百年に一度の不況と言われ、それに加え、私と同じような境遇の方の就職が厳しい昨今、その素晴らしい、すごい力を持っている方々にも参加していただきたいです。そして、まだまだ知名度の低いアビリンピックを、一般の方々や企業の方々にも注目される場であって欲しいと願うと同時に、「重度の視覚障がい者でも、できる仕事がある。」ということを一緒にアピールしていきたいです。私自身が全盲ということもあり、自分の障害について語ってしまいましたが、他の障がいをお持ちの方にも同じことが言えると思っています。やればできる!


参考:
厚生労働省(平成18年現在 ※5年に一度の集計)
日本全国で視覚に障がいを持つ人口はおよそ31万人と言われています。
そんな方々を支援するプロジェクトが日本IBM「東京基礎研究所」で行われています。この ”ソーシャル・アクセシビリティ・プロジェクト” はユーザやボランティアの方々や大学、障がい者支援組織の協力を得て研究されています。
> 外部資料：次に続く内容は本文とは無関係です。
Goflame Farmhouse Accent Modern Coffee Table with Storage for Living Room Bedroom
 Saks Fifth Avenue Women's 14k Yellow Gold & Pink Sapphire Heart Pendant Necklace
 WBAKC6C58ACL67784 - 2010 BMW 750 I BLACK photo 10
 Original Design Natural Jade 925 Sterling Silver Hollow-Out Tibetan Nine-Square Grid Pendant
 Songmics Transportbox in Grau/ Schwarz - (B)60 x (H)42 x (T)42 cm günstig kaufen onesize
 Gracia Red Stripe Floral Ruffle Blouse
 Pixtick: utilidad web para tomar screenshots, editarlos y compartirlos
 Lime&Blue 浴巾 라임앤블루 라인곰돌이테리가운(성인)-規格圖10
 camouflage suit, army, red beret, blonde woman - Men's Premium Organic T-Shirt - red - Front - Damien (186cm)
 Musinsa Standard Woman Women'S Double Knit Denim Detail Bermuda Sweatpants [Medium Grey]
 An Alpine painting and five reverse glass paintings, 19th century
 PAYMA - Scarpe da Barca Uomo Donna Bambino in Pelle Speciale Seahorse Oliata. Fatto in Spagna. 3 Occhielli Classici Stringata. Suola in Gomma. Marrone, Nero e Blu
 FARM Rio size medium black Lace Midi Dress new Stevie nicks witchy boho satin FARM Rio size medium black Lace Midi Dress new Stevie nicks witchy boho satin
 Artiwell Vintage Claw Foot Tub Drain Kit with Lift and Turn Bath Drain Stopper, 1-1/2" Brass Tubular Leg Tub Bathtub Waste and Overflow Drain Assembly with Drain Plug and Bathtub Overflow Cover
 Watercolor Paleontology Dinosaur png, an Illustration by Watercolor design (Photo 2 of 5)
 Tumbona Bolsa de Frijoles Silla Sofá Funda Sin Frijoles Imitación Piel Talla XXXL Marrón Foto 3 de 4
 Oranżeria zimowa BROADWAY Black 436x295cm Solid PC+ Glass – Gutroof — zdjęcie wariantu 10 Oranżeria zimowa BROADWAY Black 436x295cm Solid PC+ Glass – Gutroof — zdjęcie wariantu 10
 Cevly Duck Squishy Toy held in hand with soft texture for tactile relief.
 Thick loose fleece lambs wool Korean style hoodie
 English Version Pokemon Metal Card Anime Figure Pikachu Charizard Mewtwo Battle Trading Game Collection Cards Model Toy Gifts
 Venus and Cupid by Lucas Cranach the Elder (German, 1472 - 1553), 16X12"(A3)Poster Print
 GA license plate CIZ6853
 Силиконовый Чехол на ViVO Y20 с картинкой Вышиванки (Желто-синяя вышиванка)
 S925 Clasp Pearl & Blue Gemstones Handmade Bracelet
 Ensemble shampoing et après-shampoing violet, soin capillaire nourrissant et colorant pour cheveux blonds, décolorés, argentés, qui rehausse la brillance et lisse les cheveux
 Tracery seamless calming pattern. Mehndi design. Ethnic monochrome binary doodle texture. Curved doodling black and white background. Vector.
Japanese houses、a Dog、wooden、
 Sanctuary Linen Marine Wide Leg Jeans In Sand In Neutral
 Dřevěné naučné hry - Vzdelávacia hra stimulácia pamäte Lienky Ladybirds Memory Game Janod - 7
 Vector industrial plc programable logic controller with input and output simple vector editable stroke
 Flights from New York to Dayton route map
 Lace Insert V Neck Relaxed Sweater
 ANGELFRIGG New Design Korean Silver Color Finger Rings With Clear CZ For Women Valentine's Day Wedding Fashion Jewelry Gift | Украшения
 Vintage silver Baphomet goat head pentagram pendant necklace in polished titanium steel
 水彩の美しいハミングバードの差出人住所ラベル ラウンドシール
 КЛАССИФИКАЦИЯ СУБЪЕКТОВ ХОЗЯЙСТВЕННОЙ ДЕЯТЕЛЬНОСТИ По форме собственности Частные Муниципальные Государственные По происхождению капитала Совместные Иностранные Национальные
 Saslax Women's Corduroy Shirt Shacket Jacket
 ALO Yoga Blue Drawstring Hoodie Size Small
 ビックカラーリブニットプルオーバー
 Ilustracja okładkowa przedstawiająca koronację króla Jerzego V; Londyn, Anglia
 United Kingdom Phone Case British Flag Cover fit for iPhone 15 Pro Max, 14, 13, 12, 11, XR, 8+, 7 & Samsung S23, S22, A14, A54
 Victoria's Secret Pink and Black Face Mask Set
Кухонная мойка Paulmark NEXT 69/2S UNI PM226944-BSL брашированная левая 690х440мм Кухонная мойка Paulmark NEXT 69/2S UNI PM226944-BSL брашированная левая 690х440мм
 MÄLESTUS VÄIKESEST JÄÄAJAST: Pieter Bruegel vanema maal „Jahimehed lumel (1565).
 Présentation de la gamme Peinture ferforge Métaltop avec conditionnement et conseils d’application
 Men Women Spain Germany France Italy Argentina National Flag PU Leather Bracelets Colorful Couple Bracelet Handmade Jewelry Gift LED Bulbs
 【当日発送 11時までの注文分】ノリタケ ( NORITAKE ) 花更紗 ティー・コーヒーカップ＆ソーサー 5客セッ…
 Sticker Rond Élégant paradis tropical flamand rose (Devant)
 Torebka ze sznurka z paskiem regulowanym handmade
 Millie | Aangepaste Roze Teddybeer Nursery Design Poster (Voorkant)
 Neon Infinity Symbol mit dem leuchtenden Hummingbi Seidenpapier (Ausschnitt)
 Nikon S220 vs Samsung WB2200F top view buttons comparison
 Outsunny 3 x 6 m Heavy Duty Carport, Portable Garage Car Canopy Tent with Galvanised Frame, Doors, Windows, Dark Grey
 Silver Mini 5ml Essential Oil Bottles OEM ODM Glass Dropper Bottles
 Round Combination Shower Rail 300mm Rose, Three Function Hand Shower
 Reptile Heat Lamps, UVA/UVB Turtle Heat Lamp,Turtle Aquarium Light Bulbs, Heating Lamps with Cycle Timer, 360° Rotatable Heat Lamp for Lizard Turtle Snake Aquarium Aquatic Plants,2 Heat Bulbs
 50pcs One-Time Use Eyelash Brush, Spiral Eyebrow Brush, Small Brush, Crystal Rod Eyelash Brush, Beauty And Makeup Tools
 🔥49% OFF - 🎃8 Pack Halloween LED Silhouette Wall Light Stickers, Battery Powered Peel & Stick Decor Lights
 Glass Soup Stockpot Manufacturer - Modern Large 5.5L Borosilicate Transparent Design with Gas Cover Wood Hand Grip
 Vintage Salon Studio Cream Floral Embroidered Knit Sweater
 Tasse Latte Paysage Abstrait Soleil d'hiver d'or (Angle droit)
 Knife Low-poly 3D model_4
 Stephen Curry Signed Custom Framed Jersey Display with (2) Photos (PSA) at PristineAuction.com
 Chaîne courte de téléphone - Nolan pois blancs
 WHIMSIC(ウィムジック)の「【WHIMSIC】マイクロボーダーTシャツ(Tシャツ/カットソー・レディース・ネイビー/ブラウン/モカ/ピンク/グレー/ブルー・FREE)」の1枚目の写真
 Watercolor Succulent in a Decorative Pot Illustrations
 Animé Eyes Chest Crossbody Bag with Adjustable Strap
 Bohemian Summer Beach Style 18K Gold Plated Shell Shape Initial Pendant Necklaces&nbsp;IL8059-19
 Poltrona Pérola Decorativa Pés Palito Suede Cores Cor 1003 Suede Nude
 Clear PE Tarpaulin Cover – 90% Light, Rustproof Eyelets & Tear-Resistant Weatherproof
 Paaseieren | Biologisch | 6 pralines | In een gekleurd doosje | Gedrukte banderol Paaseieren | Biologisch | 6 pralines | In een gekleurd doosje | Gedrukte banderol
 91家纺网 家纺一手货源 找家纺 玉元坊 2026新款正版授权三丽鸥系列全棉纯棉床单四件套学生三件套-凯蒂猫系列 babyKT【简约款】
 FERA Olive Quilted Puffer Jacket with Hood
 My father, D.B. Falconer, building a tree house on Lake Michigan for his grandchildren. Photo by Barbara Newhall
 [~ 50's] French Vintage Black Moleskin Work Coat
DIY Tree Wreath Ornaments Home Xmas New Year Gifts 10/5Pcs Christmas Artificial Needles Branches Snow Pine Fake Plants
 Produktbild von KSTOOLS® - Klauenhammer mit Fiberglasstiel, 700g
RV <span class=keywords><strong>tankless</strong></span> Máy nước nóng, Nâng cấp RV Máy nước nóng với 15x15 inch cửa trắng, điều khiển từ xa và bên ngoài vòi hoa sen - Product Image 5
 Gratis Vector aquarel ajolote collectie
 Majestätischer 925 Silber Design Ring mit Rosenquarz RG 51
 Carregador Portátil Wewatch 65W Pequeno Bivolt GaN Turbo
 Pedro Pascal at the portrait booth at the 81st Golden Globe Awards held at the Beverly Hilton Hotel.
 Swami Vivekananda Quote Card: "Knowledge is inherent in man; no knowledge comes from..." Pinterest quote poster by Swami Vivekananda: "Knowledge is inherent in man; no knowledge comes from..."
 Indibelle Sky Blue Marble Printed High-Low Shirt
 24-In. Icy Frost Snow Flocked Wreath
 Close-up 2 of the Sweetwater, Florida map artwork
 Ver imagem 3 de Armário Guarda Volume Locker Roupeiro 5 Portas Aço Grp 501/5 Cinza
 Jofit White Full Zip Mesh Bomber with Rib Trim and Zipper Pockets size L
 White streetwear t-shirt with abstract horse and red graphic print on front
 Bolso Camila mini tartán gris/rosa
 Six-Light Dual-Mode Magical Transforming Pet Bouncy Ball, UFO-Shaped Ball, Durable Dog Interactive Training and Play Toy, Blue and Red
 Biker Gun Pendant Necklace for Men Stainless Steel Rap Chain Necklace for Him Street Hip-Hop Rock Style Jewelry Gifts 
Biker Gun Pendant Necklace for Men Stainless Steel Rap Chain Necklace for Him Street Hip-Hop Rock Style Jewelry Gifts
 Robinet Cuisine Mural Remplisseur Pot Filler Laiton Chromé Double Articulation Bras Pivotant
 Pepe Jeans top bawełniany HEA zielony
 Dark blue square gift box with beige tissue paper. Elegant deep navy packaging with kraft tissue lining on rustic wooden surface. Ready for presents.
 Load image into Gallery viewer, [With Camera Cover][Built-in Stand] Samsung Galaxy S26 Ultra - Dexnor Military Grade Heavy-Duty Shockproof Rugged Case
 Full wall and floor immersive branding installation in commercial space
2008年には世界のIBM研究機関の中でこの「東京基礎研究所」がアクセシビリティ研究の正式なリーダーとなっています。
Webサイト:http://sa.watson.ibm.com/ja

※優秀な成績を収めたY.Hさんには、平成22年10月に神奈川県(横浜市)で開催される“アビリンピック全国大会”への出場資格が与えられました。本当におめでとうございます。CML, LLcはこれからも頑張る人を応援します。

※CML,LLc にてトレーナー経験を重ね、コンピュータを教える"トレーナー第1号"として、「東京都視覚障害者生活支援センター」に勤務が決定しました。
Y.Hさん、☆おめでとうございます!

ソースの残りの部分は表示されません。